§ PROBLEM DETAILS:
Output all of the data below without changing a word, and exclude the pictures.

§ DATA BELOW:
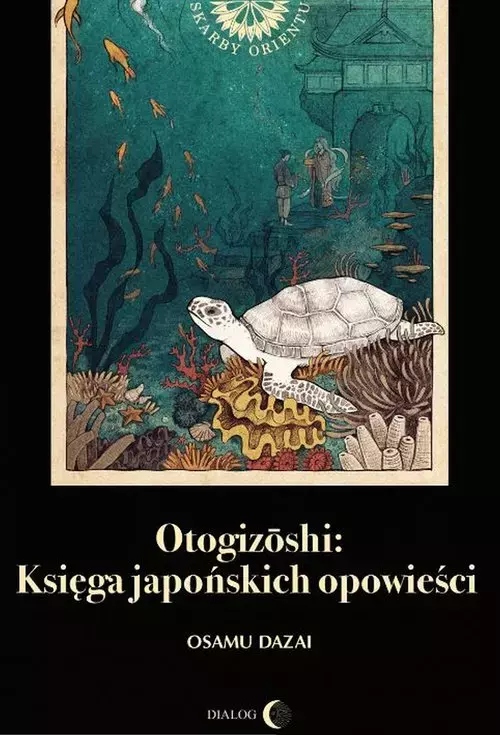 Otogizoshi: Księga japońskich opowieści. Dialog-Zdjęcie-0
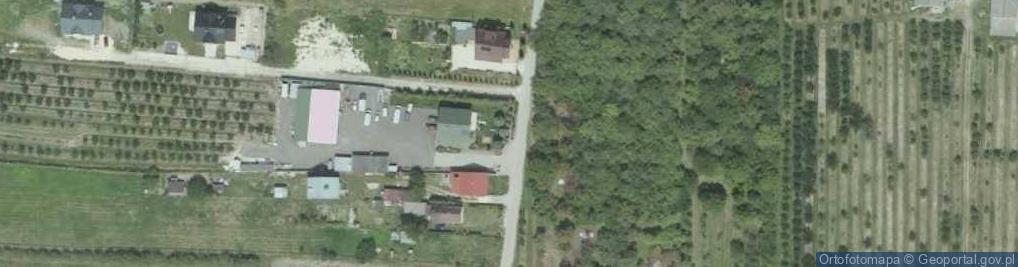 Zdjęcie satelitarne Para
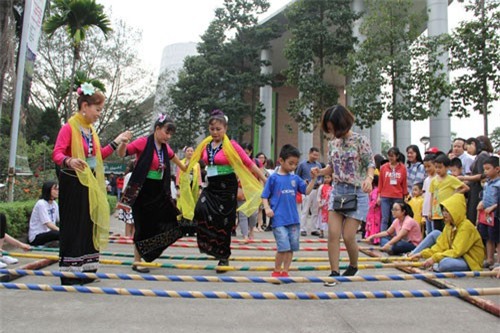 Du lịch Hà Nội hút khách dịp Tết Nguyên đán 2019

§ SOLUTION BELOW:
 Otogizoshi: Księga japońskich opowieści. Dialog-Zdjęcie-0
 Zdjęcie satelitarne Para
 Du lịch Hà Nội hút khách dịp Tết Nguyên đán 2019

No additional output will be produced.